Initially, the approach for covering the requested range with tiles was quite simple recursive algorithm which is easier to explain using a picture. Let’s get back to an example where we want to compute 1d aggregation range at the moment of 15h37m:

22 tiles is already quite an improvement from 53 tiles due to the changed tiling strategy.

But what if 15h37m is the current time? Which is actually always the case, as the features requested are of “views in last 1d”, “likes in last 7d” kind. This means we can use the “current” 1d tile, and the composition would look like this:

Down to 14 tiles instead of original 22, not bad!

But what if we allow ourselves to use not only operation of addition, but subtraction as well? In this case, we can optimize the left side of the picture too:

Overall, down to 8 tiles from original 22!

Incorporating a smarter algorithm into fetching the tiles allowed us to further reduce the load on database 3-4 times - to the average of 7 tiles.

Cache optimizations

In all the calculations above, we used 80% as the percentage of cache hit rate. This figure was our initial cache hit rate - due to the local nature of our cache and multiple number of replicas, cache hit rate wasn’t particularly high. An obvious improvement to this situation is using consistent hashing approach: for the given entityId, instead of hitting an arbitrary replica of feature service, we can hit the one(s) responsible for the given entityId :

With Consistent Hashing approach, we managed to bring Cache Hit Rate to be as high as 99%:

And in the end, our initial Scylla cluster turned out to be over-provisioned so we even managed to scale it down.

Conclusion

Building a scalable and cost-efficient feature system for ShareChat's ML-driven recommendations presented significant challenges. In this post, we wanted to touch on some of the ones we have faced with our counter features.

The main takeaway? Don't underestimate the power of back-of-the-envelope calculations, especially when applied to data modeling.

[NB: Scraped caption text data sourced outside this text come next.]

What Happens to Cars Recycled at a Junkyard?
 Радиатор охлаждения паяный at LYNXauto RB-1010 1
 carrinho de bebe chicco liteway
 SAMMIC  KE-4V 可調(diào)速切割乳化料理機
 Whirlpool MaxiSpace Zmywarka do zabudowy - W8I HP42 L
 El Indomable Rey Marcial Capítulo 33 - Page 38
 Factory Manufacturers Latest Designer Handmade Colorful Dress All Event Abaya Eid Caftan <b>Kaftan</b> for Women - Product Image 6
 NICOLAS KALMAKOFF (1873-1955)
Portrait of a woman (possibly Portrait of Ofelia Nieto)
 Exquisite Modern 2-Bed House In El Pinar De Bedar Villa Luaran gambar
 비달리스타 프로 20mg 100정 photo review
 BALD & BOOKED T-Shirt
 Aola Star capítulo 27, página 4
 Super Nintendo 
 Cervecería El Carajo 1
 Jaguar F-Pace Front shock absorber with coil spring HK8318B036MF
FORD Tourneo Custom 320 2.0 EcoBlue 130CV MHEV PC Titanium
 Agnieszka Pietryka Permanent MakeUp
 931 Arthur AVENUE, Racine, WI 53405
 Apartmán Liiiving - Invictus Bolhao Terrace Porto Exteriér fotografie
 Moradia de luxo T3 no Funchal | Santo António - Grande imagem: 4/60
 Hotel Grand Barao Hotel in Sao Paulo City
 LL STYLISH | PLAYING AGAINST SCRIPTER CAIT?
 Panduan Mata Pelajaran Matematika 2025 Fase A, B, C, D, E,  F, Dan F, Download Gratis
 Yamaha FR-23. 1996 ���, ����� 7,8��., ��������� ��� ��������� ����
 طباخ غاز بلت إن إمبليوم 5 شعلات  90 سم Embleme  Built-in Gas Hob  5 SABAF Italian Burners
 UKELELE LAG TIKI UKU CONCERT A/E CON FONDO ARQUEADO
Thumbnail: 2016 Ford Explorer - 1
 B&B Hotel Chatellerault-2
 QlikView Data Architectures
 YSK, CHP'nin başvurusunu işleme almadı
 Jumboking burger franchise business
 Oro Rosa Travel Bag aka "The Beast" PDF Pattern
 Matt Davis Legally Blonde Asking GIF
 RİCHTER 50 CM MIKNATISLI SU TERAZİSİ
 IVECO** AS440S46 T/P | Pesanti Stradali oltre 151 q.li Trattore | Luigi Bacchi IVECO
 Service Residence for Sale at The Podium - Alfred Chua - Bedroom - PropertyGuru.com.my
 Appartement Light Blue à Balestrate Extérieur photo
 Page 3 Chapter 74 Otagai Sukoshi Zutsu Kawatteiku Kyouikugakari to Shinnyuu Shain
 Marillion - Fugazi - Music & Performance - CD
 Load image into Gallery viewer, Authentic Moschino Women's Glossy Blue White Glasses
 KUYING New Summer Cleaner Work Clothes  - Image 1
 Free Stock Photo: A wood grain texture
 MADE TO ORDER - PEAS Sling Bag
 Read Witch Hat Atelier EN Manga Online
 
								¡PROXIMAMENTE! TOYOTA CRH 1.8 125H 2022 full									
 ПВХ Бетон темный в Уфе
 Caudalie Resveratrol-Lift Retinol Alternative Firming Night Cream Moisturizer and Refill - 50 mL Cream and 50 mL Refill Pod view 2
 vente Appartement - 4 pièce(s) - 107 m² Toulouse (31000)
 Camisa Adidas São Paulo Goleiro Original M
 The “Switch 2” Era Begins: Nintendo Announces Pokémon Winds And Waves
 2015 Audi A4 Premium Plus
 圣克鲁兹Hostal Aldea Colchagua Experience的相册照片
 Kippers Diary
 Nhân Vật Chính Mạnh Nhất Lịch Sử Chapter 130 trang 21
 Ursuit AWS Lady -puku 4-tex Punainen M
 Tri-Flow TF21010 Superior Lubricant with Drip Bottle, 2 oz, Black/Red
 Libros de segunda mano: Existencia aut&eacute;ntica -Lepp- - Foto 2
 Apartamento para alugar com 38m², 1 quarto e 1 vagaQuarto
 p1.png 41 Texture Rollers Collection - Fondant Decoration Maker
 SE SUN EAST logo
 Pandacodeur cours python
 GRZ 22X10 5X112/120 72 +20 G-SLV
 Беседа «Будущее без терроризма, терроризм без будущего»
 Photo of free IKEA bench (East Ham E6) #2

Another key lesson: always challenge the status quo. For instance, our smarter tiling strategy, which halved the number of fetches, came months after the counters were already in production and led to tremendous savings on compute.

This iterative approach, combined with a focus on first principles, has allowed us to build a robust and performant system that continuously improved while slashing costs. In the past year, we have cut the cost of our feature systems by 10x through multiple optimizations like the one discussed in this article as well as optimizations on the stream processing, e.g. making it autoscalable.

We're excited to continue pushing the boundaries of feature engineering at ShareChat. Now, onto the next challenge!